== Material supplied ==

——————

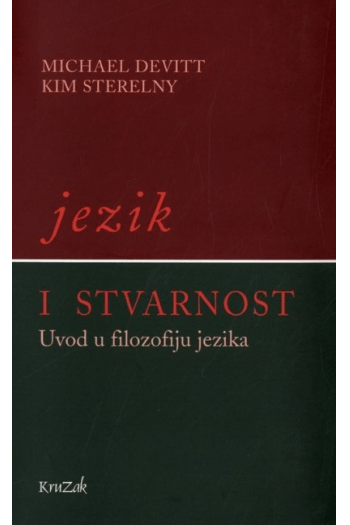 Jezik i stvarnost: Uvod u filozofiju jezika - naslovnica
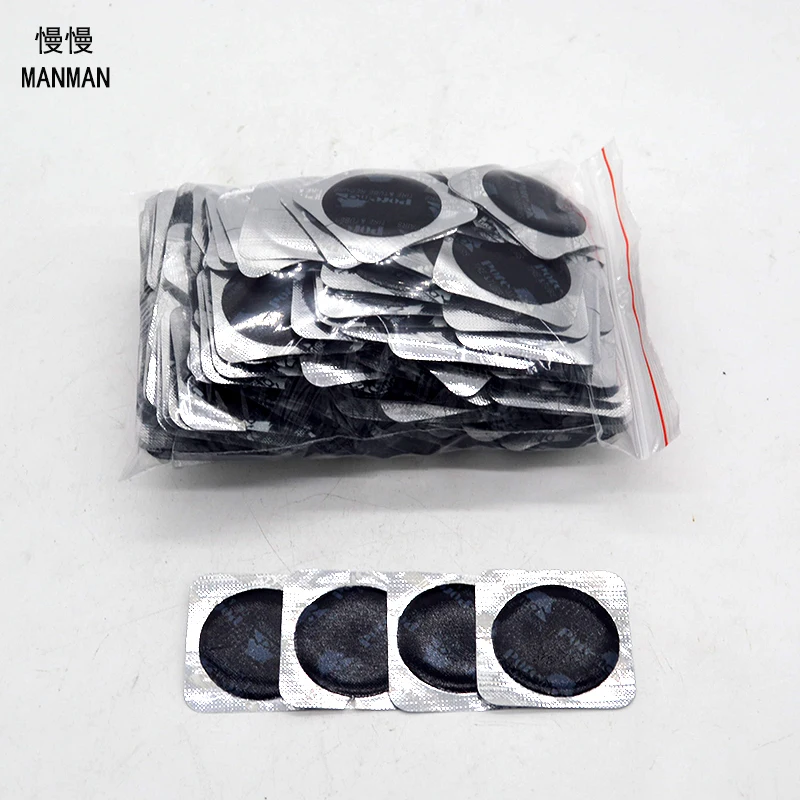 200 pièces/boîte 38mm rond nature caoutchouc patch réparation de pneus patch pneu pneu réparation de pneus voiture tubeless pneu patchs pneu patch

——————

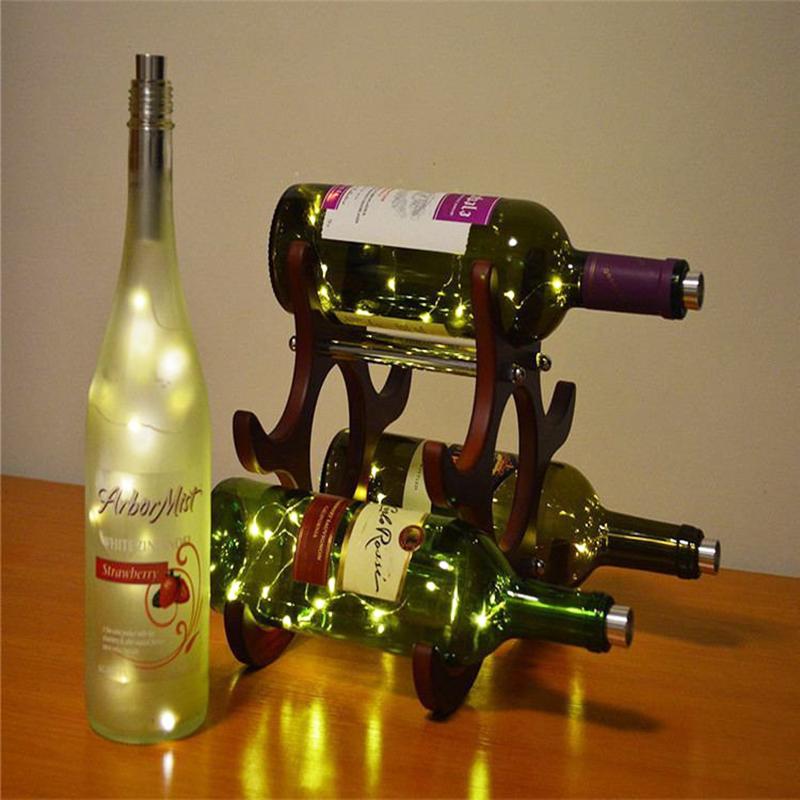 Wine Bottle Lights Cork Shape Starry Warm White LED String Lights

——————

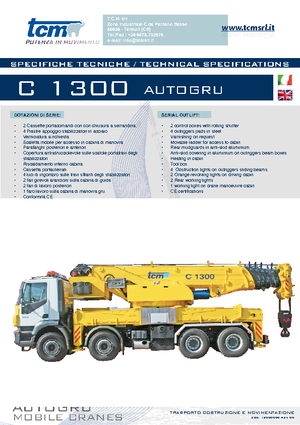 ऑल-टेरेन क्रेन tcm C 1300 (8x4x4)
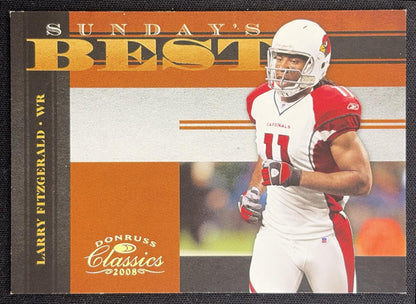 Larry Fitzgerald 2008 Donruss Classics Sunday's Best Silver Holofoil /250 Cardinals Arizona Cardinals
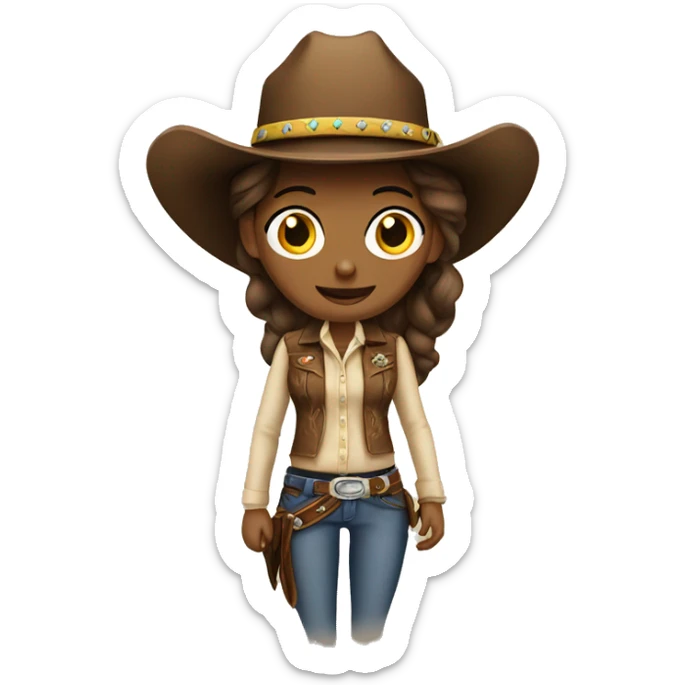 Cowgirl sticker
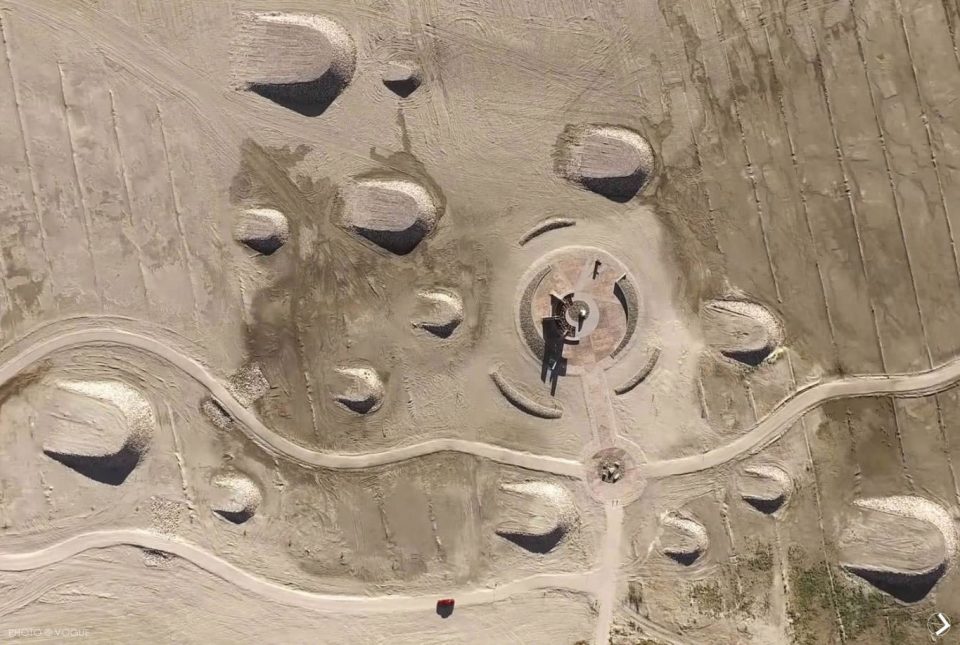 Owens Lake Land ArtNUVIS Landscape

——————

== Task directions ==
Only one stretch of the listing above is to be duplicated: the lines from the one containing "Cowgirl sticker" through the one containing "Owens Lake Land ArtNUVIS Landscape", both included. Copy them exactly, minus the pictures.

== Written response ==
 Cowgirl sticker
 Owens Lake Land ArtNUVIS Landscape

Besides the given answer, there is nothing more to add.